After that, we do some steps to know which documents belongs to which groups according to labels.

1

1 Answers

5
votes

The PCA in Accord.NET is already computed using the SVD. For an example on how to perform SVD manually, without the help of the PCA class, you can always look at the PrincipalComponentAnalysis.cs source code.

The first step is to subtract the mean of your data (stored in variable x):

 int NumberOfInputs = x.Columns();
 this.Means = x.Mean(dimension: 0);
 z = x.Subtract(Means, dimension: 0);

Now, you can optionally divide your data by their standard deviations, effectivelly transforming your data to z-scores. This step is strictly optional, but might make sense when your data represents variables collected in units of widely varying orders of magnitude (i.e. one column represents heights in kilometers, the other in centimeters).

this.StandardDeviations = x.StandardDeviation(Means);
z = z.Divide(StandardDeviations, dimension: 0);

Now, the principal components of 'x' are the eigenvectors of Cov(x). Thus if we calculate the SVD of 'z' (which is x standardized), the columns of matrix V (right side of SVD) will be the principal components of x. With this, what we have to do now is to perform the Singular Value Decomposition (SVD) of the matrix z:

var svd = new JaggedSingularValueDecomposition(matrix,
    computeLeftSingularVectors: false,
    computeRightSingularVectors: true,
    autoTranspose: true);

var singularValues = svd.Diagonal;
var eigenvalues = SingularValues.Pow(2);
var eigenvalues.Divide(x.Rows() - 1);
var componentVectors = svd.RightSingularVectors.Transpose();

If you would like to perform whitening, you can also divide your vectors by the singular values:

componentVectors = componentVectors.Divide(singularValues, dimension: 1);

Now if you would like to project your data to up to 90% of the variance, compute the cumulative sum of the eigenValues similar to as you did:

// Calculate proportions
var componentProportions = eigenvalues.Abs().Divide(eigenValues.Abs().Sum());

// Calculate cumulative proportions
var componentCumulative = componentProportions.CumulativeSum();

Now, determine the number of dimensions that you need by looking where the cumulative proportions become larger than the proportion of variance that you want.
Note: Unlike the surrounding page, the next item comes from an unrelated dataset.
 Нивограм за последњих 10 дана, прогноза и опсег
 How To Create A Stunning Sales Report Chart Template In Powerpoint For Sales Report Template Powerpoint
After you know this number, select only those eigenvectors from the eigenvector matrix:

int numberOfVectors = // number of vectors that you need

for (int i = 0; i < rows; i++)
    for (int j = 0; j < numberOfVectors; j++)
        for (int k = 0; k < componentVectors[j].Length; k++)
            result[i][j] += z[i][k] * componentVectors[j][k];

In the example above I am transforming the matrix z, which was already mean centered and optionally standardized. Don't forget to apply the same transformations that you applied to the original matrix before you transform another set of data.

Finally, please keep in mind that doing all of the above manually is completely optional. You should really use the PrincipalComponentAnalysis class to do all this heavy lifting for you, for free!